ステップS172の可変表示中演出処理は、演出プロセスフラグの値が“2”のときに実行される処理である。この可変表示中演出処理において、演出制御用CPU120は、RAM122に設けられた演出制御プロセスタイマにおけるタイマ値に対応して、演出制御パターンから各種の制御データを読み出し、飾り図柄の可変表示中における各種の演出制御を行う。こうした演出制御を行った後、例えば特図変動時演出制御パターンから飾り図柄の可変表示終了を示す終了コードが読み出されたこと、あるいは、主基板11から伝送される図柄確定コマンドを受信したことなどに対応して、飾り図柄の可変表示結果となる最終停止図柄としての最終停止図柄を完全停止表示させる。特図変動時演出制御パターンから終了コードが読み出されたことに対応して最終停止図柄を完全停止表示させるようにすれば、変動パターン指定コマンドにより指定された変動パターンに対応する可変表示時間が経過したときに、主基板11からの演出制御コマンドによらなくても、演出制御基板12の側で自律的に最終停止図柄を導出表示して可変表示結果を確定させることができる。最終停止図柄を完全停止表示したときには、演出プロセスフラグの値が“3”に更新される。

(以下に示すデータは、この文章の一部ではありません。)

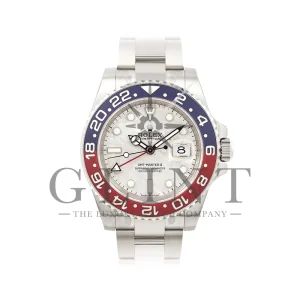 ロレックス<br>GMTマスター II<br>126719BLRO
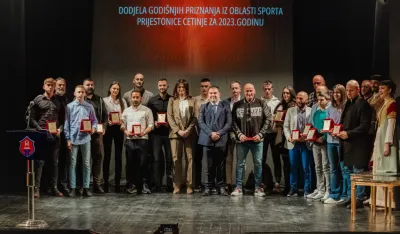 Dodijeljena godi&scaron;nja priznanja iz oblasti sporta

ステップS173の特図当り待ち処理は、演出プロセスフラグの値が“3”のときに実行される処理である。この特図当り待ち処理において、演出制御用CPU120は、主基板11から伝送された当り開始指定コマンドの受信があったか否かを判定する。そして、当り開始指定コマンドを受信したときに、その当り開始指定コマンドが大当り遊技状態の開始を指定するものであれば、演出プロセスフラグの値を大当り中演出処理に対応した値である“4”に更新する。また、当り開始指定コマンドを受信せずに、演出制御プロセスタイマがタイムアウトしたときには、特図ゲームにおける特図表示結果が「ハズレ」であったと判断して、演出プロセスフラグの値を初期値である“0”に更新する。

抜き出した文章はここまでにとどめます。